R3 publishes new standard form COVID-19 CVA for SMEs
This note provides a brief summary of the standard form company voluntary arrangement (CVA) recently published by R3.
Introduction
This note provides a brief summary of the standard form company voluntary arrangement (CVA) recently published by R3, the trade association for insolvency and restructuring professionals - see link here.
The free resource, drafted in consultation with a broad range of insolvency professionals, is directed at small and medium sized enterprises (SMEs) experiencing financial difficulties due to the Covid-19 pandemic. The aim is for such company to return to profitability without the need to implement another form of insolvency process, such as administration or liquidation.
Overview
R3 has published (1) a standard form CVA proposal of the directors of the relevant company and (2) a set of standard conditions for a CVA, appended to the proposals in Appendix 1. The proposal and conditions together form the arrangement and are to be read together with the CVA provisions set out in the Insolvency Act 1986 and the Insolvency (England and Wales) Rules 2016. R3 intend to prepare different versions of the standard form proposal and conditions to reflect the jurisdiction-specific rules and legislation in Scotland and Northern Ireland.
The conditions are based upon the existing standard conditions drafted by R3 for individual voluntary arrangements. Any agreed amendments to the standard conditions will appear in Appendix 2 to make it easier for creditors with multiple debtors to compare their proposals.
The documents are not intended to be a templates nor should they override specific professional advice.

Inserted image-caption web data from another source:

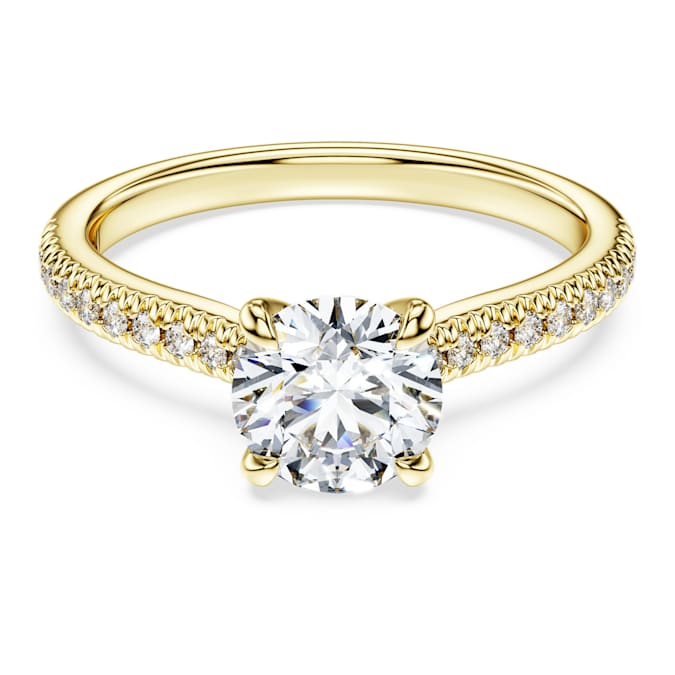 Eternity solitaire ring Lab-grown diamonds 1.2 ct tw, Round shape, 14K yellow gold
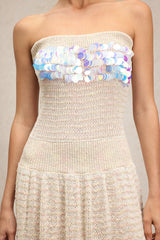 Kenzie White Sequin Embellished Maxi Dress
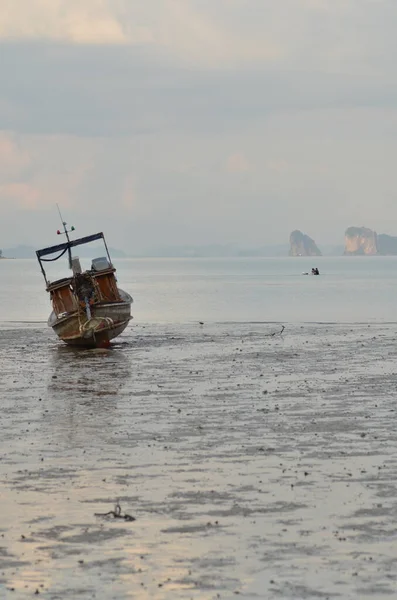 Secco Caduto Longtail Boat Koh Yao Noi Island Thailandia Beach — Foto Stock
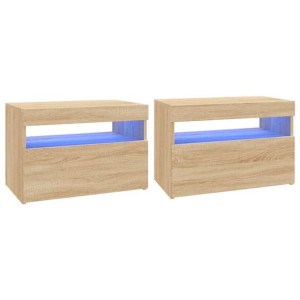Szafki TV z oświetleniem LED, 2 szt., dąb sonoma, 60x35x40 cm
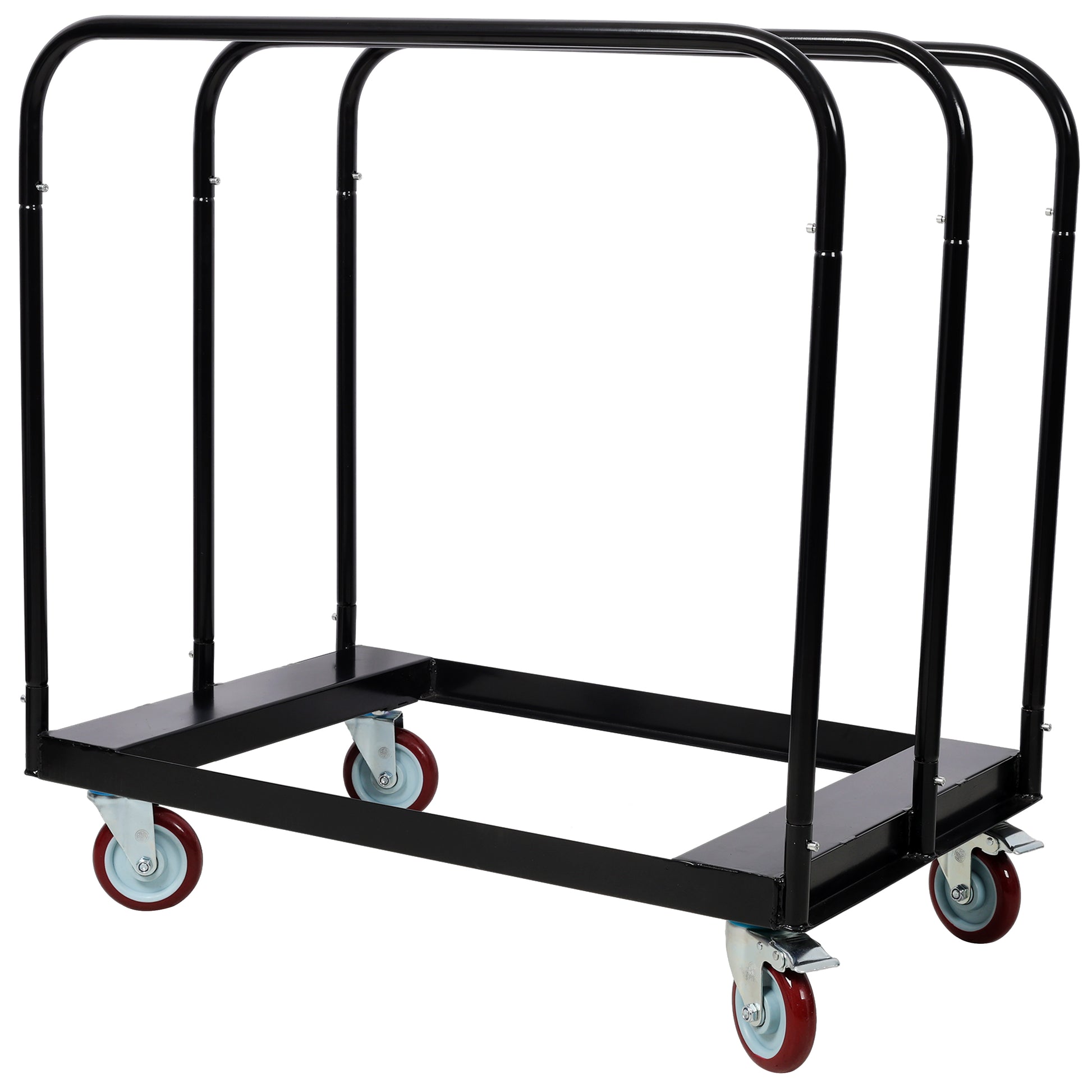 Heavy Duty Drywall Sheet Cart & Panel Dolly 1500lbs load capacity,Panel Service Cart,5 inch Swivel Casters,3 Side Handrails for Factory, Warehouse, Black image 4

Rather, they are intended to provide a foundation for proposals to be developed by the directors of the relevant company, saving time and costs and thereby making CVAs more accessible to the SME market.
It should be noted that other individuals have the ability to propose a CVA, such as an administrator or liquidator appointed to the relevant company - the R3 template does not cater for this scenario.
Key features
Key features of the new standard form CVA include:
a breathing space period to allow the company time to restructure without fear of creditor action (such as six months); and
a delayed period (for example twelve months) for full payment of company's debts in line with the CVA (and to commence only once the breathing space period has elapsed).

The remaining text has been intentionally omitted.